Into My Shadow: Dira Character Introduction

Word count: 2750 (6 to 22 minutes) | Rating: T | Original Fiction: Into My Shadow | Note: Fantasy races (common and original), magic, post-apocalyptic setting

Pledge $1 per work to get early access!


The Darkening of Year 3: Shrouded Era

Some kind of music usually filled the streets of Genoa Falls, half-named for the mossy lake and waterfalls of the hills the city-state was nestled into. Candle and post lanterns lit the streets, which were worn grassless and a bit lumpy by horses, goats, and a slew of kids. Cabins sat wedged in together and even leaned against each other in some cases, but the people did what they could with what they had.
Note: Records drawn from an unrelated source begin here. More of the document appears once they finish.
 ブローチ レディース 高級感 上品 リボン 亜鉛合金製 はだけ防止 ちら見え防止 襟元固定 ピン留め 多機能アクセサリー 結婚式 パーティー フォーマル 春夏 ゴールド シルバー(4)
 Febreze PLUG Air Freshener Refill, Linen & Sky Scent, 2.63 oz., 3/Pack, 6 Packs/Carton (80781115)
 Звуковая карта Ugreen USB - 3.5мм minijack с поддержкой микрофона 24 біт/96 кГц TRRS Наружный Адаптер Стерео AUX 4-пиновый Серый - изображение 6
Who didn’t, with the infectious smog smothering everywhere beyond the barriers? Couldn’t be outside the walls without gear for a couple hours, or you’d lose your mind and get badly disfigured. Definitely put a damper on long, moonlit strolls. But it wasn’t the walls keeping people safe as much as protection provided by the grace and courtesy of the Mages’ Union, of course. Never could resist a chance to act the saint in a time of crisis.

Didn’t do much for them in Genoa, but every other city-state had its own story and take on the Union. Just so happened that Genoa’s ideals were closest to Dira’s. And like a favorite dog-eared book, the city-state called Dira back in over and over.
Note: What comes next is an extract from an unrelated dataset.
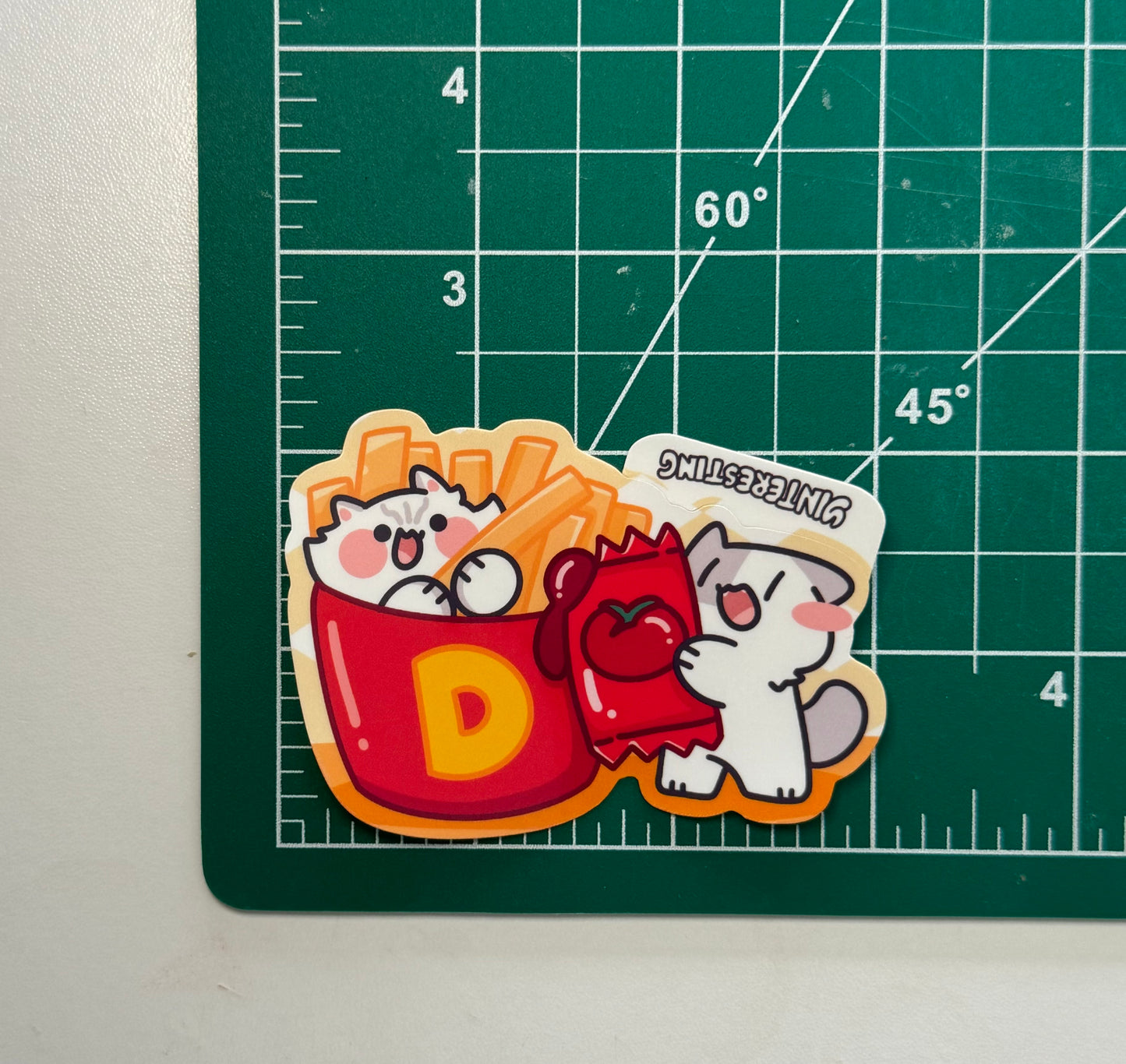 French Fries Cat Sticker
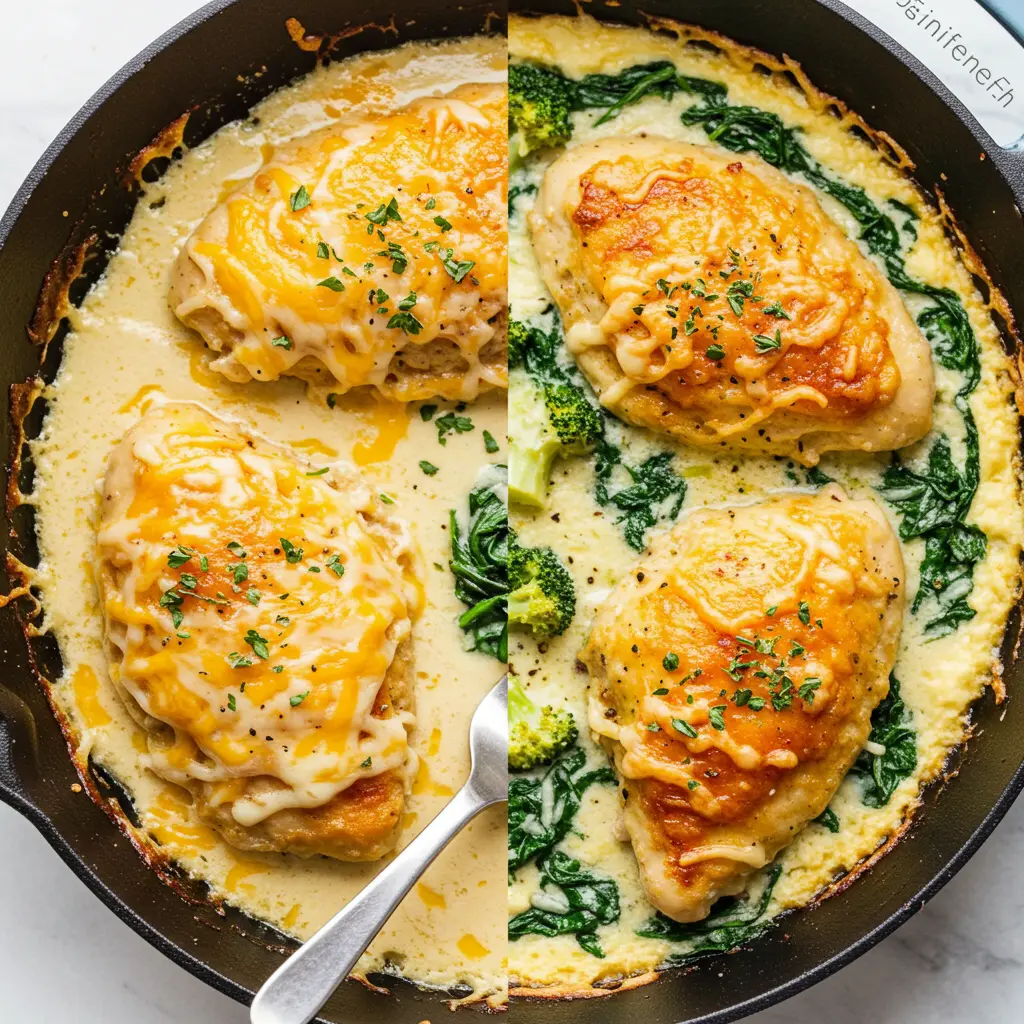 Cheesy Skillet Garlic Parmesan Chicken and Potatoes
The people were resourceful, and the lands were gorgeous. Their floating gardens in the lake were immune to smog and safe outside the walls, keeping the people fed and giving the farmer types something to do. Rustling up the gear to go outside to farm was the easy part, it was getting their hands magic lamps to post out there that got tough. The smog was a threat in more ways than one, filtering out sunlight like it did.

Still, they made it work. The farmers were preparing for the fall crop these days, if Dira remembered right. As for the adventurous folks, there was always food to be imported from other city-states. All it took was signing on to join the caravanners who were trained and equipped for smog protection by, of course, the Mages’ Union.

More importantly to Dira, everyone in Genoa just plain knew how to have fun.

And the Eldin family knew it the best. Their litter of kids, anywhere from 5 to 9, were the true experts in wonder and awe. Even after hours of being in town, they circled around Dira. The littlest ones tailed him because his four arms made them easy to toss and carry, but the kids closer to 10 years old were probably there to show their migrant honorary uncle that they were big kids now. Dwarf, human, or elf, everyone was always in a hurry to grow up.

Maybe it was different for chiali, and that’s why Dira wasn’t that interested in adulthood. It’s not like there were many left of his people that he could ask. Being grown up felt mostly like he wandered into a fancy party he wasn’t invited to and didn’t want to be at, but he was stuck once he got there.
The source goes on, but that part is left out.